The quotation with which I head this fraternal letter comes from the Book of Sirach (Si 2:1) and is one of the sentences I reflect on during the canonical visitation I make to the young adult religious of our Order who are in the first years of their adult Piarist life. after solemn profession. But I think we can apply this biblical wisdom to all stages of our lives, and to all people who sincerely desire to live the Christian vocation authentically. We must assume that the path of vocation on which we embark will have its difficulties and that there will be trials. The Lord, who inspires the vocation, has guaranteed this from the beginning: “… a hundredfold more, with persecutions, and in the world to come eternal life[1].”
Our young Piarists experience “trials” of all kinds. Dialogue with them is very stimulating in order to understand them and to understand that we can all go through them. For this reason, I will try to share with you a reflection on the task of “preparing the soul for the trial”, thinking of our Piarist religious life, but realising that everything is applicable to any vocation experience. I will first address the “trials” and then the “preparation of the soul“, concluding with a simple invitation.

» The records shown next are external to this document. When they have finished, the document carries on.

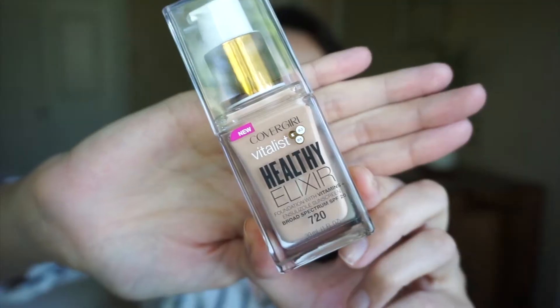Alright guys, today we are going to be testing out the new CoverGirl foundation — it's the CoverGirl Vitalist Healthy Elixir foundation. I got this foundation for $11.99 at Ulta. It says foundation with vitamins.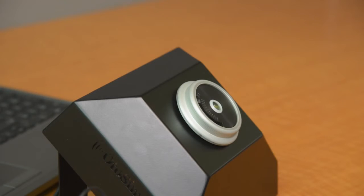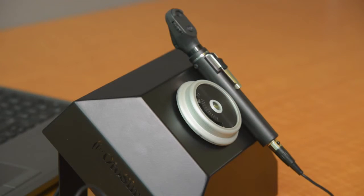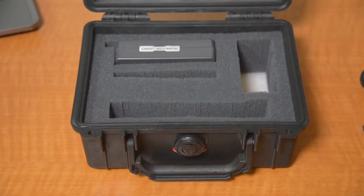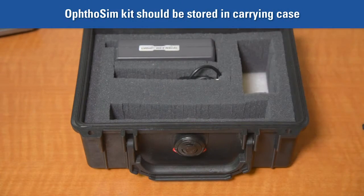When not in use, place the ophthalmoscope to the side of the eyepiece on the base unit. The magnet in the handle of the ophthalmoscope will hold it in place. When storing, the components of the ophthalmoscope should be put in the case provided, as the sensor box and ophthalmoscope are both very fragile.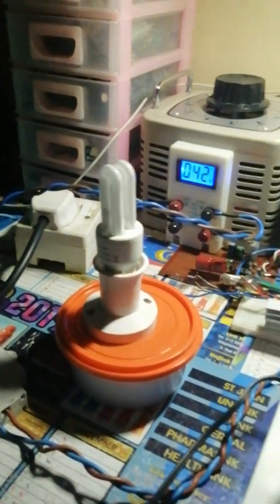I'm getting around 15 to 20 centimeter output sparks. It's awesome, it's working really great. I can push it up to 48 volts but I'm happy at this level.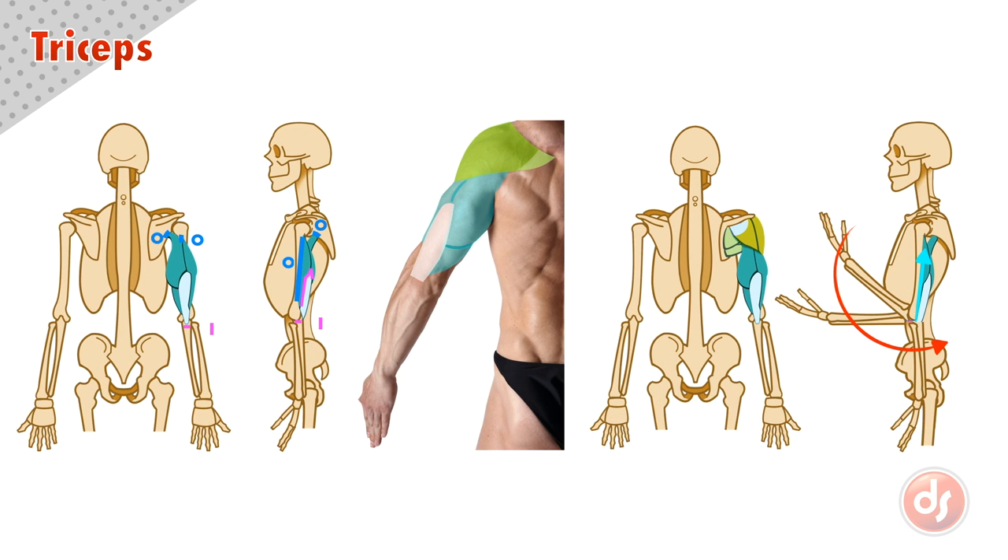Remember all of these points when drawing the triceps. Analyze the anatomy on the surface of your reference, and draw from observation and memory to help you learn.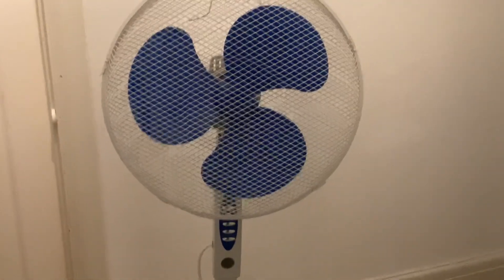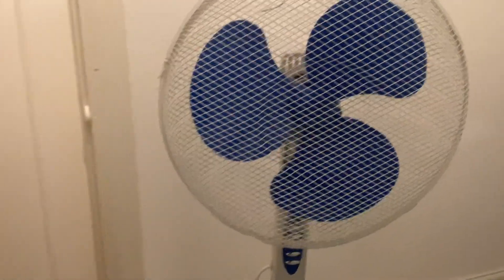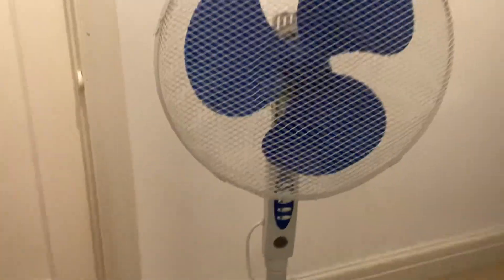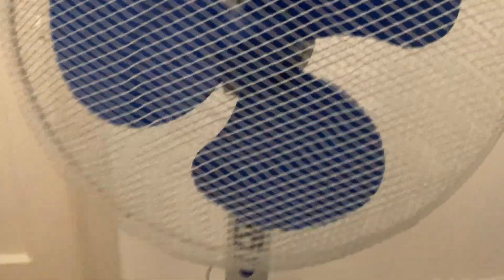Hello everybody. Today's going to be another video on the unbranded blue-bladed pedestal fan. Before the video starts, I might be getting a new fan today. I'm not going to tell you what the fan is because it's a surprise, but I will give you one hint: the fan is from 2011.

“I can do all things through him who strengthens me” (Phil 4:13). This is how Paul speaks in his letters when he refers to the various trials he had to go through in his zeal to remain faithful to the calling he had received. In this way, he gives us a precise indication of how we should accept and process the trials we experience. Listening to the feelings of the Piarists with whom I speak, I see three types of evidence, all of which are real and worth working on: external trials caused by the context; internal trials caused by the Order itself or the Church; personal trials caused by one’s own weaknesses, which one does not always deal with or resolve well. Let us say a word about each of these points.
External trials. We often hear that “pastoral care is not easy”, that “education is not taken into account by society”, that “Christian values are questioned by the established social order” or that “government policies tend to hinder our mission”. All of this is undoubtedly real. And much more, including persecutions, bans or expulsions. Our history is full of these trials or difficulties that complicate our lives and our mission.
We cannot “lump them together” or judge them equally. And I will not attempt to make a “distinction between the different kinds of trials” we may experience. What I do want to emphasise, however, is that anyone who thinks that the Piarist life and mission is easy or that it is promoted by society is living on a different planet. It never was, it is not and it never will be. Precisely because our vocation aims to change the world, the world will resist our approaches, and with very different dynamics. We need to know that there will always be a component of struggle, a counter-cultural dimension and a dynamic of resistance in our lives. And we need to know how to think, work, pray and share this.
Internal trials. We should not be afraid of them, nor should we simplify them. Sometimes it is the Church itself that puts us to the test, with unjust and incomprehensible decisions or with positions that are far from the apostolic fervour we should live. I must say that I have had more than one experience where it was the Church itself that unsettled us. That is why I could well understand Pope Francis’ message to the Union of Superiors General when he told us: “I thank you for the patience with which you know how to live and to forgive the humiliations that you sometimes suffer as religious”.
Sometimes we can be the ones who cause pain to our brothers with decisions that are not very insightful, unbrotherly or even unjust. In these years I have seen Piarists who have caused real pain to their own brothers in various positions or ministries and we are still waiting for them to recognise this or apologise. This pain is stronger and more difficult to bear because it is caused by one’s own family. And it can lead to real vocation problems because they violate a very serious dynamic that we all want to live: joyful belonging to the Pious Schools.
And sometimes it is our own institutional weaknesses that put us to the test: Communities that do not care about the vocation of our confreres, discernment processes that do not favour synodal listening or proper discernment, lack of courage to give the answers that children and young people expect of us, and many others. All this becomes a difficulty that we must know how to overcome.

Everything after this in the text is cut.